I did get the cam assy' installed today.  I found the right thread setscrew in my box but I don't like the contact with the cam.  
So I'll probably turn the end so it's more blunt and fits better into the cam slot and doesn't ruin the edge of the cam. 
I'll also turn up a appropriate handle, maybe in aluminum and polish it out!

Thank You so much Terry!  I think it's wonderful how you've helped me! ( and everyone else here )  You're a real asset to the site!


----------



## Terrywerm (Nov 1, 2014)

You might want to try putting a small piece of brass or nylon in the hole, under the set screw instead. I have been thinking about changing mine to a piece of plastic, and here is why:  If the setscrew is too loose, the cam will vibrate and rattle at certain speeds. Drives ya nuts!!   If the setscrew is just a hair too tight, it will keep the cam from vibrating but it can keep the cam from returning to the fully 'brake off' position, causing the brake plate to rub on the inside of the pulley, also making noise.  I am thinking that putting a short piece of nylon in the hole first might help to resolve both problems, but am not sure at this point. Will have to try it and see what happens I guess.

If you use just a setscrew, you will need to use a second one behind the first, using it as a locking screw. If you don't the single setscrew will tend to loosen up with vibration.
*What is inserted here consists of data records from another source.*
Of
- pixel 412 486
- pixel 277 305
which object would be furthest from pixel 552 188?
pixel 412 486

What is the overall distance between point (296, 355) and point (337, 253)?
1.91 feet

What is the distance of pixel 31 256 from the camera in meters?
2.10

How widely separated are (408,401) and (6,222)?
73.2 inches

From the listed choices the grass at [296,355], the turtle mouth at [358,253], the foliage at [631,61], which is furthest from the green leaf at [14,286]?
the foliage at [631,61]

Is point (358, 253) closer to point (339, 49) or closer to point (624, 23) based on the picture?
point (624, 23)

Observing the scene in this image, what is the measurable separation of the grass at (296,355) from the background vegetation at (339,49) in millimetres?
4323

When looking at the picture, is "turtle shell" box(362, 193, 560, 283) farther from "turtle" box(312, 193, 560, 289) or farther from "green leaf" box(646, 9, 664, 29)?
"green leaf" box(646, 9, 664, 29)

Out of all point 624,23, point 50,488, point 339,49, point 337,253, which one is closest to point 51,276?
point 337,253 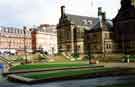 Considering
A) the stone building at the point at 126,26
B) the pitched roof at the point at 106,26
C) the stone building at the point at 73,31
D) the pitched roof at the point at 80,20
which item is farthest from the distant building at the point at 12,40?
the stone building at the point at 126,26

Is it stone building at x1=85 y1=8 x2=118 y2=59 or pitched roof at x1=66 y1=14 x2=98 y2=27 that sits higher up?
pitched roof at x1=66 y1=14 x2=98 y2=27

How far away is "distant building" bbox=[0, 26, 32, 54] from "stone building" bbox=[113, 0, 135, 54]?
8259 centimetres

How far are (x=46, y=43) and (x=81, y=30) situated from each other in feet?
321

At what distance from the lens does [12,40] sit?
168250 millimetres

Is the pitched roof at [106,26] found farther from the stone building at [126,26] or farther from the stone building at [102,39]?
the stone building at [126,26]

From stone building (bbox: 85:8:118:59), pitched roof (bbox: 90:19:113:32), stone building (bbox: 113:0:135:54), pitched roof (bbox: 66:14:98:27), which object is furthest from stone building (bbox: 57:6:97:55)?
stone building (bbox: 113:0:135:54)

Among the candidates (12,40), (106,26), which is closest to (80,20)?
(106,26)

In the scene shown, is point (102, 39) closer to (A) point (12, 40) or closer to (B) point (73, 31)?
(B) point (73, 31)

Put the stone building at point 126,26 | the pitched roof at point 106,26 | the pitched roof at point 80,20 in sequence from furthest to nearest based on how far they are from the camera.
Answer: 1. the pitched roof at point 80,20
2. the pitched roof at point 106,26
3. the stone building at point 126,26

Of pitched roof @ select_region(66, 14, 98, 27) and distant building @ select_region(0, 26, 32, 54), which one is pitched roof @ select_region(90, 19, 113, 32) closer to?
pitched roof @ select_region(66, 14, 98, 27)

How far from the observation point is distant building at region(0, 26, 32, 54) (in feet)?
530

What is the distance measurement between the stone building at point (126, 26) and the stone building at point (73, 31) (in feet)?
46.0

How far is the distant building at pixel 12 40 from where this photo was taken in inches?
6363

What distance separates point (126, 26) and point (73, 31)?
68.5 ft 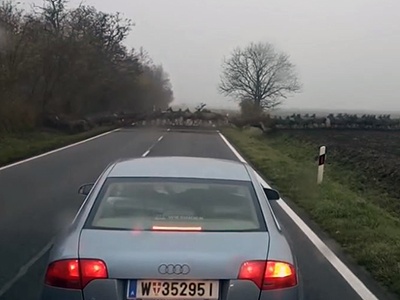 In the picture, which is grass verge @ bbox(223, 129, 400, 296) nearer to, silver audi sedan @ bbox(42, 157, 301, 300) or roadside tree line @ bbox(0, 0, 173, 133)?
silver audi sedan @ bbox(42, 157, 301, 300)

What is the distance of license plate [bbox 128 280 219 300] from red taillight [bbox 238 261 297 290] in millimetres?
197

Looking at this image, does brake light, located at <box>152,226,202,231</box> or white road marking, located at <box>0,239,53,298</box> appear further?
white road marking, located at <box>0,239,53,298</box>

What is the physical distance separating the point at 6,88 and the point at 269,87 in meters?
59.4

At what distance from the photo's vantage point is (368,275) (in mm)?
7555

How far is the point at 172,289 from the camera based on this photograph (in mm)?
4109

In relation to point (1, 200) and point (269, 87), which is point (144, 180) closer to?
point (1, 200)

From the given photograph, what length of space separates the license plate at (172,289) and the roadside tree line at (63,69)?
93.0 feet

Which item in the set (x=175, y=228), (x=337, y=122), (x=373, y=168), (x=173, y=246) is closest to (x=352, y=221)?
(x=175, y=228)

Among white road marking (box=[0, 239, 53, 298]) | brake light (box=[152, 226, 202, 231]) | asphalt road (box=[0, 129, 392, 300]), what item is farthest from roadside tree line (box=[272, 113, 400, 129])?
brake light (box=[152, 226, 202, 231])

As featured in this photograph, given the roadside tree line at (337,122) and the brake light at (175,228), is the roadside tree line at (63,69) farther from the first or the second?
the brake light at (175,228)

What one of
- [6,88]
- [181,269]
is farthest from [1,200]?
[6,88]

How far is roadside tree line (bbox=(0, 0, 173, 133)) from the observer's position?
3312 centimetres

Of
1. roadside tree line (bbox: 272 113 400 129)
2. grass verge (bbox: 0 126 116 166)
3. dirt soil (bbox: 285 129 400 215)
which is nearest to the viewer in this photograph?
dirt soil (bbox: 285 129 400 215)

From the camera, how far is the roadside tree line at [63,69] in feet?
109
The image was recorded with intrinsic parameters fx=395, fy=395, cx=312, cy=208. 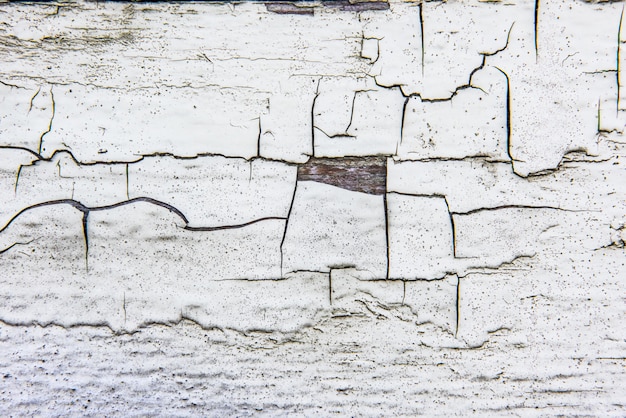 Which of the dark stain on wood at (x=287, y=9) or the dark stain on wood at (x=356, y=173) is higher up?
the dark stain on wood at (x=287, y=9)

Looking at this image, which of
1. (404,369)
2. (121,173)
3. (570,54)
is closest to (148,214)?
(121,173)

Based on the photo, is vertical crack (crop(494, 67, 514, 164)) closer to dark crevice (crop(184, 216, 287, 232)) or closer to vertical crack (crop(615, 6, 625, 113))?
vertical crack (crop(615, 6, 625, 113))

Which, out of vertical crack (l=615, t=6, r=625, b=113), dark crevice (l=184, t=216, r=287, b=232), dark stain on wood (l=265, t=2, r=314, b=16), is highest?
dark stain on wood (l=265, t=2, r=314, b=16)

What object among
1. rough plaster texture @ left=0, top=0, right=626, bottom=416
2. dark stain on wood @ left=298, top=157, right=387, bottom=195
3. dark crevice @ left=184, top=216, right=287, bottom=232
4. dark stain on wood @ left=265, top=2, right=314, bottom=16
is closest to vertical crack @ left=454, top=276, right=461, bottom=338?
rough plaster texture @ left=0, top=0, right=626, bottom=416

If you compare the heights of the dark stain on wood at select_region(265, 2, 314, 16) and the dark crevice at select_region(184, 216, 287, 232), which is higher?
the dark stain on wood at select_region(265, 2, 314, 16)

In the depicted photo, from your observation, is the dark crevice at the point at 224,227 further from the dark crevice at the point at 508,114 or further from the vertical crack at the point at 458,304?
the dark crevice at the point at 508,114

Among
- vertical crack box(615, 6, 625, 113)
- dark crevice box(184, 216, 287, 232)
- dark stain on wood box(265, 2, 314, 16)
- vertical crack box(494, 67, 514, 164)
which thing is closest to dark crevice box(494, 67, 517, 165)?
vertical crack box(494, 67, 514, 164)

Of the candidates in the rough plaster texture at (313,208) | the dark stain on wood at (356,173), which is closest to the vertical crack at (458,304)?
the rough plaster texture at (313,208) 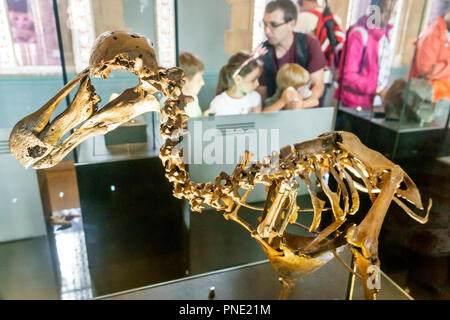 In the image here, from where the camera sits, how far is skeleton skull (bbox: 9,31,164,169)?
3.23ft

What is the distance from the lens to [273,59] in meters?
2.27

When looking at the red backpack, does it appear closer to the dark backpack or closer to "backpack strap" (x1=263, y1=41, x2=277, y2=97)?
the dark backpack

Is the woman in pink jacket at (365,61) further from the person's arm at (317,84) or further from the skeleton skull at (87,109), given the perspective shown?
the skeleton skull at (87,109)

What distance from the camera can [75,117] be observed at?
1027 millimetres

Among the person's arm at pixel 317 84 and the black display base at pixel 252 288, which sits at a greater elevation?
the person's arm at pixel 317 84

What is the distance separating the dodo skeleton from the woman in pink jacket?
1203mm

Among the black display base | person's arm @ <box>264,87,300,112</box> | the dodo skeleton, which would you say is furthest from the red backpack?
the black display base

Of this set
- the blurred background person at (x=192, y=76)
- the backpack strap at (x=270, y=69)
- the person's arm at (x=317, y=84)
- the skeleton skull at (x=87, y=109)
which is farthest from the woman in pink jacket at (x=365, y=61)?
the skeleton skull at (x=87, y=109)

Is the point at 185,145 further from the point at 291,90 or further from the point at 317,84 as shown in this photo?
the point at 317,84

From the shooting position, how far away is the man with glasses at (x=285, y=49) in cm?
217

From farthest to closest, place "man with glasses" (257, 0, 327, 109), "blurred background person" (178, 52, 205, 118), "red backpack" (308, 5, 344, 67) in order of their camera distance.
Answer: "red backpack" (308, 5, 344, 67) → "man with glasses" (257, 0, 327, 109) → "blurred background person" (178, 52, 205, 118)

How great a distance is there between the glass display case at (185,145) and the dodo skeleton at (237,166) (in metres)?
0.65

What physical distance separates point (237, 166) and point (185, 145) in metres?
0.90

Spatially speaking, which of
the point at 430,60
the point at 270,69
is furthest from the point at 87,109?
the point at 430,60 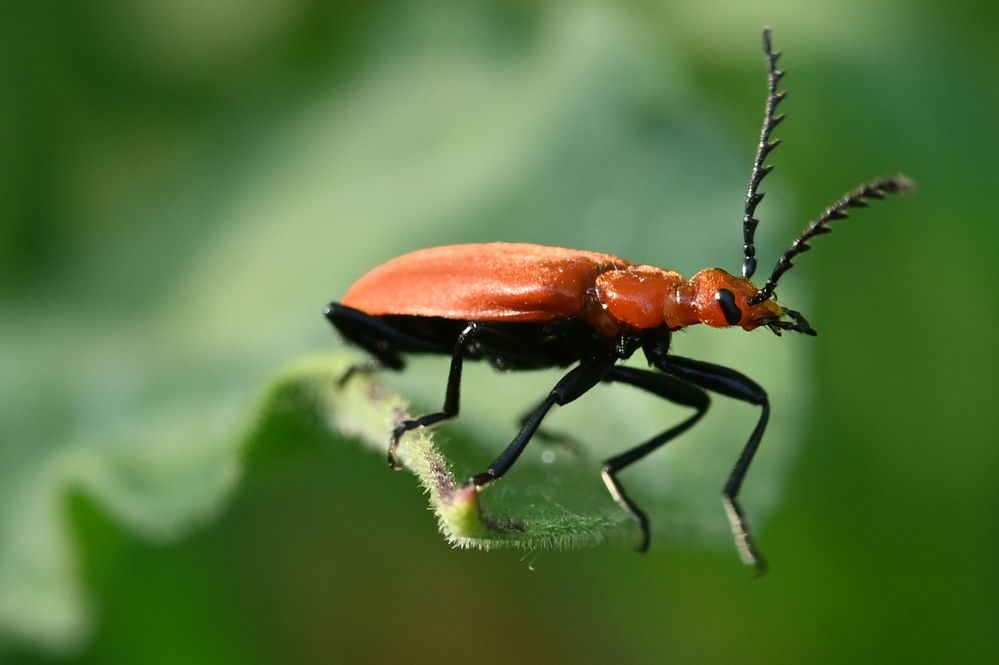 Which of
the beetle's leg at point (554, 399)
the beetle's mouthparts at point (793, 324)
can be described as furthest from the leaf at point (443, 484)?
the beetle's mouthparts at point (793, 324)

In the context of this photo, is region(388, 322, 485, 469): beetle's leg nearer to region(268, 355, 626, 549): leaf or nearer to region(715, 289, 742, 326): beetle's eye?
region(268, 355, 626, 549): leaf

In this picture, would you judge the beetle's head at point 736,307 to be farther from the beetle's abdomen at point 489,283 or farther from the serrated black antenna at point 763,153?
the beetle's abdomen at point 489,283

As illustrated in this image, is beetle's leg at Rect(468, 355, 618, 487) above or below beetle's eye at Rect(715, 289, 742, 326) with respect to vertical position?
below

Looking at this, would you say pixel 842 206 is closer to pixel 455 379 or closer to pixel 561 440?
pixel 455 379

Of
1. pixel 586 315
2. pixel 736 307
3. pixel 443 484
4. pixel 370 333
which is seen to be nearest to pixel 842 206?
pixel 736 307

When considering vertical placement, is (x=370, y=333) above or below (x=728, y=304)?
below

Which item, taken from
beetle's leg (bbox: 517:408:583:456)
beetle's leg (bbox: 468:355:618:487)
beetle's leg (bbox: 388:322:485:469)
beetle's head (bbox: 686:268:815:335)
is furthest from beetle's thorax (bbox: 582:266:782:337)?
beetle's leg (bbox: 517:408:583:456)

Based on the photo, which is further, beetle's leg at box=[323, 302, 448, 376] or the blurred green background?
the blurred green background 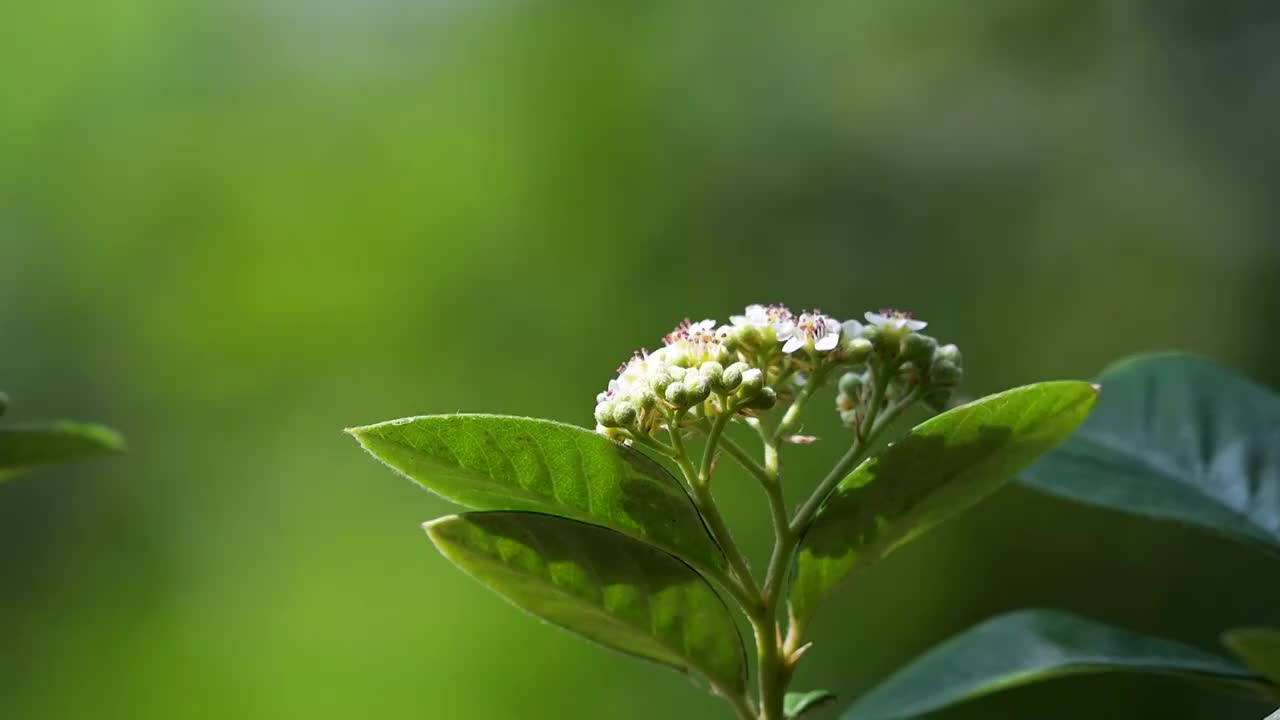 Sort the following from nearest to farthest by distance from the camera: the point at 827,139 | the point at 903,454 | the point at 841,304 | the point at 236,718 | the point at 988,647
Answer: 1. the point at 903,454
2. the point at 988,647
3. the point at 236,718
4. the point at 841,304
5. the point at 827,139

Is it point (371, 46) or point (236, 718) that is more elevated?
point (371, 46)

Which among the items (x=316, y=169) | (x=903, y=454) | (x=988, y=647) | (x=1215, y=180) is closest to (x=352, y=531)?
(x=316, y=169)

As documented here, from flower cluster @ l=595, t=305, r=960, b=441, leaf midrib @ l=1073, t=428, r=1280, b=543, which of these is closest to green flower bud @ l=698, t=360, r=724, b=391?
A: flower cluster @ l=595, t=305, r=960, b=441

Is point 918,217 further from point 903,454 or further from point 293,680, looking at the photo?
point 903,454

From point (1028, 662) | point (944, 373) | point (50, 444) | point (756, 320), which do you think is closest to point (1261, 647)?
point (1028, 662)

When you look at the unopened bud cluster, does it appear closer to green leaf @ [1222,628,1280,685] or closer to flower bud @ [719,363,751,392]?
flower bud @ [719,363,751,392]

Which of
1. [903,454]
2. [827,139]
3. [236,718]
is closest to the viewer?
[903,454] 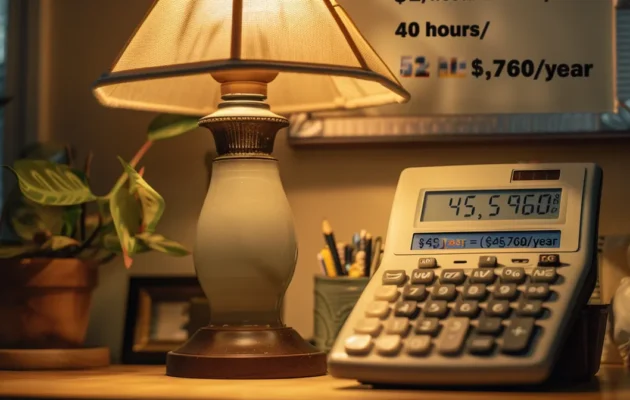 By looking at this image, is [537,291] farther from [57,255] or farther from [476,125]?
[57,255]

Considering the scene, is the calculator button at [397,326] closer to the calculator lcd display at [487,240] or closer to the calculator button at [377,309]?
the calculator button at [377,309]

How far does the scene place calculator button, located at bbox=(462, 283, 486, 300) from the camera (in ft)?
2.75

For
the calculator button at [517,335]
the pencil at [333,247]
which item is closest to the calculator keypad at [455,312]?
the calculator button at [517,335]

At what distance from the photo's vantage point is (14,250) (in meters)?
1.11

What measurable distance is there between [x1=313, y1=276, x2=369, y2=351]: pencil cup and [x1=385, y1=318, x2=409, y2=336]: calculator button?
233 millimetres

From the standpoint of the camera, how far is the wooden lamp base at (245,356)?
918 millimetres

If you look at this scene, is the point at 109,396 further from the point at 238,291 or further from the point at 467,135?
the point at 467,135

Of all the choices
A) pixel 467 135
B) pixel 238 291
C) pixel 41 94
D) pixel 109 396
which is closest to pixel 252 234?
pixel 238 291

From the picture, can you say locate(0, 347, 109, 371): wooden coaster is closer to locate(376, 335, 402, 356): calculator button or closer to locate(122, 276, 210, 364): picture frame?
locate(122, 276, 210, 364): picture frame

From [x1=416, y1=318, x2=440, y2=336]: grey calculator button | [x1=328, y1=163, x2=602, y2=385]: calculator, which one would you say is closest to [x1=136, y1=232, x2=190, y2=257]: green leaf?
[x1=328, y1=163, x2=602, y2=385]: calculator

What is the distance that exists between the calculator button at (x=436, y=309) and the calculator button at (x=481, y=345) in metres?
0.05

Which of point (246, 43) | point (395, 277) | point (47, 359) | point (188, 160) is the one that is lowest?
point (47, 359)

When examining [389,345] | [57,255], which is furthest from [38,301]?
[389,345]

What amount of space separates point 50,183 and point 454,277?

Thanks for the kind words, but you must remember that my reason for being here is to share what I can as well as learn what I can. It's a two way street ya know!


----------



## jlchapman (Apr 29, 2017)

Terrywerm -  Just wanted you to know that your pdf was great for creating the brake cam for the 8520.  I'm attaching a picture of my first attempt.  I made the groove to deep.  Just have to remember that .001 really means .002 metal removed.   I got my v-blocks today, just need the new bearings for my 8520 mill.  Also waiting on a bottoming tap for the handle.


----------



## Terrywerm (Apr 29, 2017)

That looks pretty good, and thanks for the kind words about the drawings. Don't lose any sleep over the groove being too deep, it will not affect the part or its function in any way whatsoever. But, yes on most lathes, the crossfeed dial indicates the distance that the cutting tool has moved and the resulting change in radius, not the reduction in diameter. But, making this mistake on this part has taught you something that you will not soon forget, and you are now a better machinist for it.


----------



## pashooter (May 22, 2017)

Great thread - thanks for the drawing and the photos Terry! I have a recently acquired 8520 that came with the cam, handle, and brake plate all missing. Looks like a great (and not super-challenging) project. Does anyone have dimensions, drawings, photos, or anything else that might help me reproduce the plate? I understand the basic function, just need some specifics. BTW - I also have a Logan lathe, though mine came with Monkey Ward badging. I have the original paperwork from when my dad bought it new in 1946. He paid $206 for it, and it cost him $6 to have it shipped Railway Express from Chicago to Virginia.


----------



## Terrywerm (May 22, 2017)

I don't have dimensions for the plate, but will measure mine when I rebuild the head on mine, which will probably not occur until next winter. I will post them then, maybe sooner if things go right.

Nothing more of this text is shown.